▶ _How to complete this task_: Only the lines from the one containing "OOTB Weißes MDF" through the end of the records should be retyped, exactly and including both ends; pictures stay out.

▶ _Given entries_:
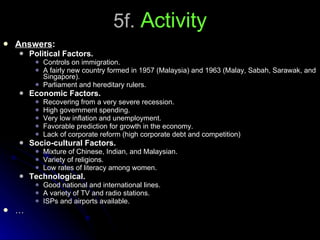 5f.  Activity Answers : Political Factors. Controls on immigration. A fairly new country formed in 1957 (Malaysia) and 1963 (Malay, Sabah, Sarawak, and Singapore). Parliament and hereditary rulers. Economic Factors. Recovering from a very severe recession. High government spending. Very low inflation and unemployment. Favorable prediction for growth in the economy. Lack of corporate reform (high corporate debt and competition) Socio-cultural Factors. Mixture of Chinese, Indian, and Malaysian. Variety of religions. Low rates of literacy among women. Technological. Good national and international lines. A variety of TV and radio stations. ISPs and airports available. … 
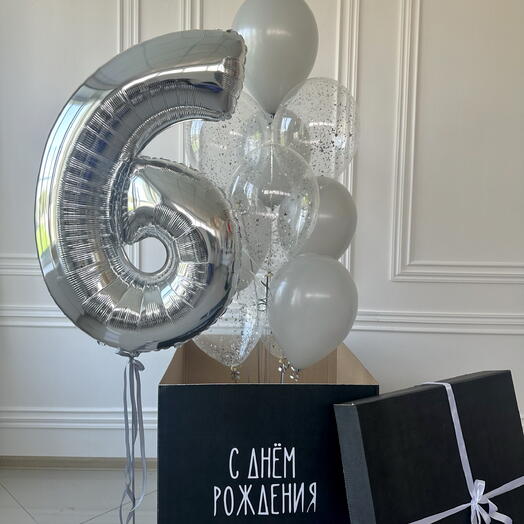 Шары с гелием на день рождения 6 лет с серебряной цифрой и конфетти 5513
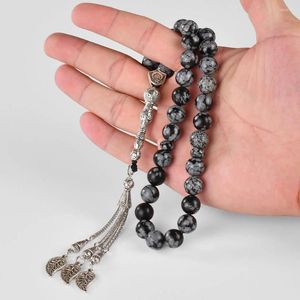 Charm-Armbänder Fabrik Großhandel Hochwertige maßgeschneiderte islamische muslimische 33 Tasbih-Gebetsperlen Schneeflocken-Stein-Rosenkranz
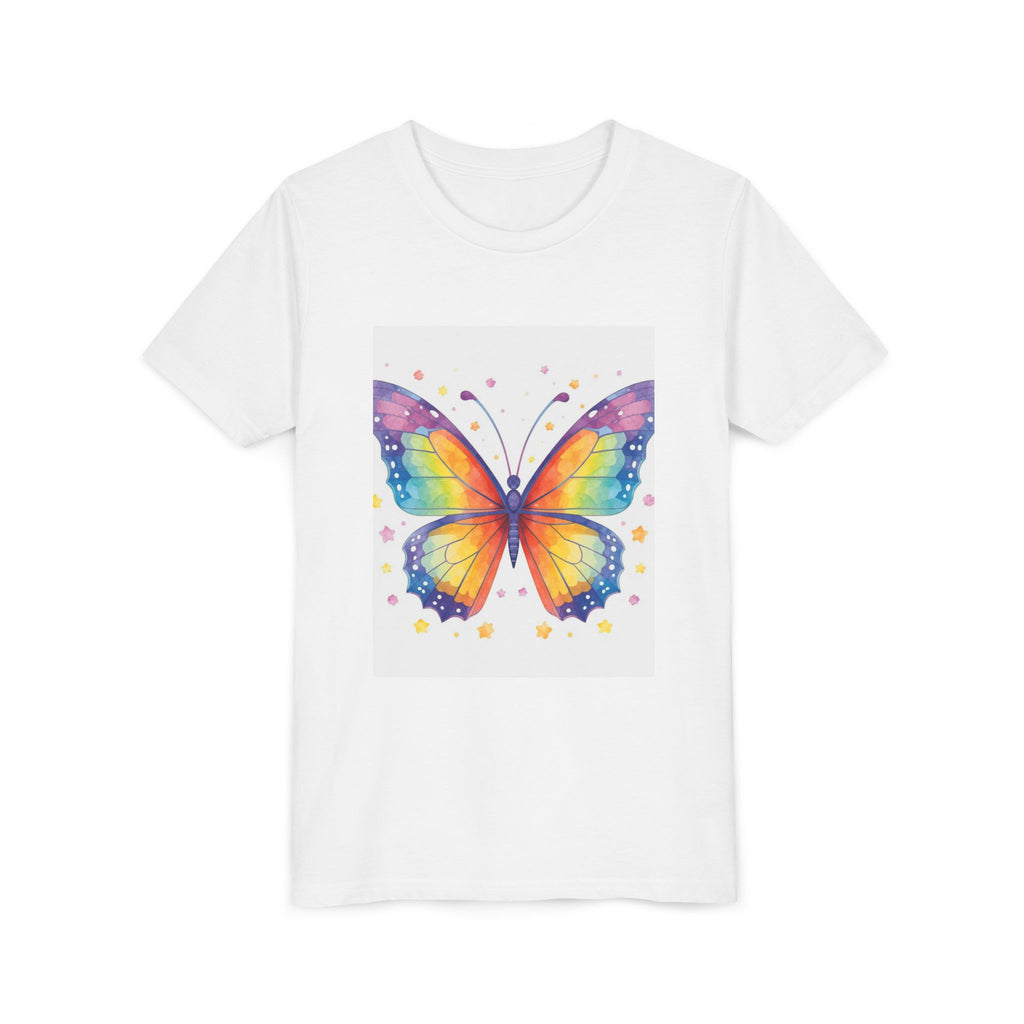 Kids Rainbow Butterfly Tee — "Art with Heart" Youth Short Sleeve Shirt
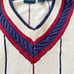Cambridge Classics Mens Ivory Vintage V-Neck Sweater Size Medium Red Blue Stripe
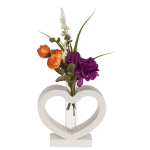 OOTB Weißes MDF Herz mit Glasröhrchen15 x12 cm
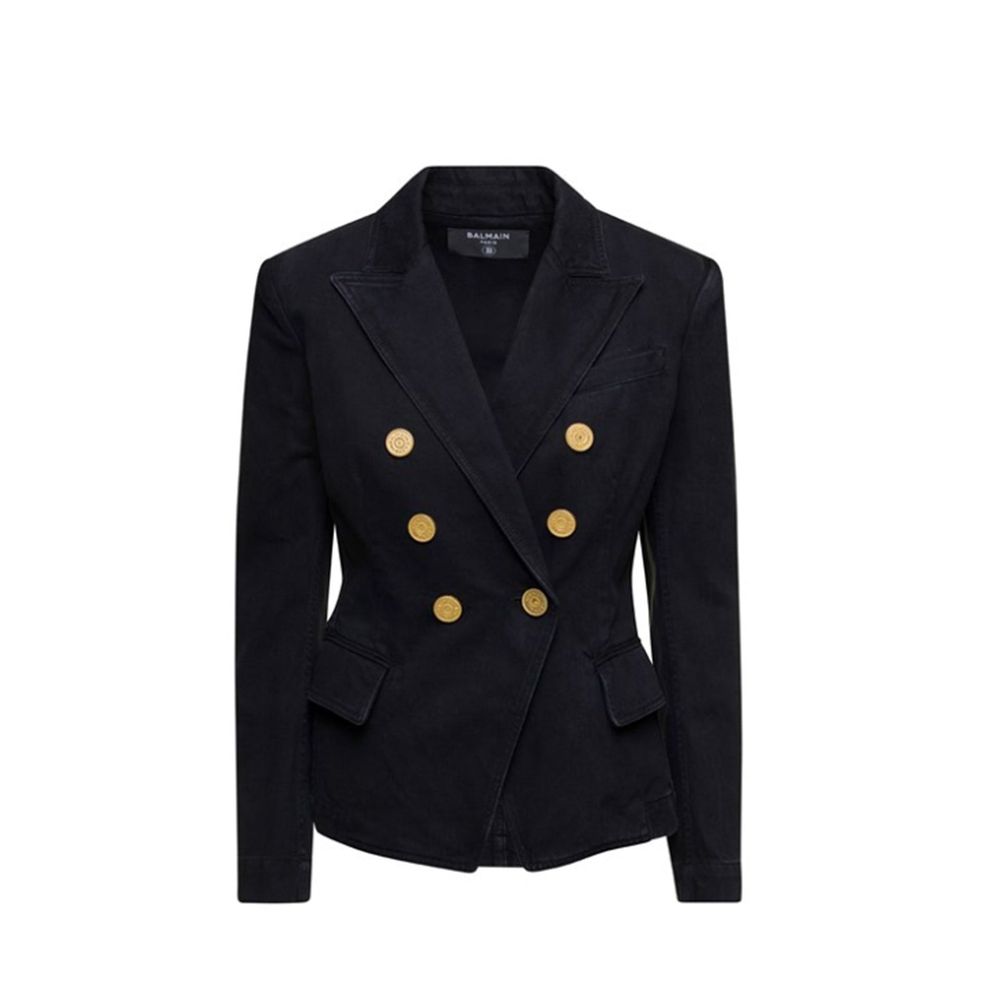Balmain Black Cotton Blazer | Regal Royce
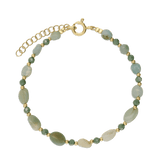 Pulseira de pedras banhada a ouro com amazonita e zircónias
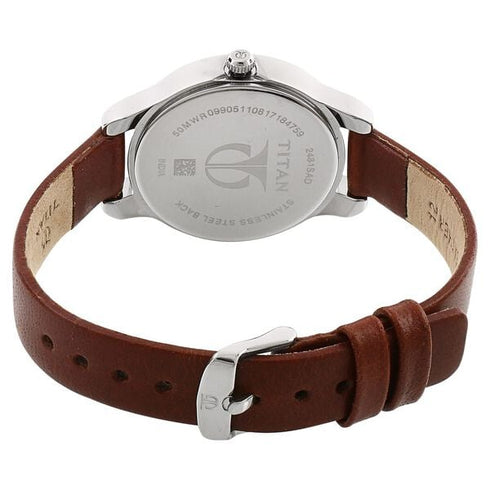 Titan Workwear Silver Dial Women Watch With Leather Strap (Model 2481SL07)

▶ _Reply to the task_:
 OOTB Weißes MDF Herz mit Glasröhrchen15 x12 cm
Balmain Black Cotton Blazer | Regal Royce
 Pulseira de pedras banhada a ouro com amazonita e zircónias
 Titan Workwear Silver Dial Women Watch With Leather Strap (Model 2481SL07)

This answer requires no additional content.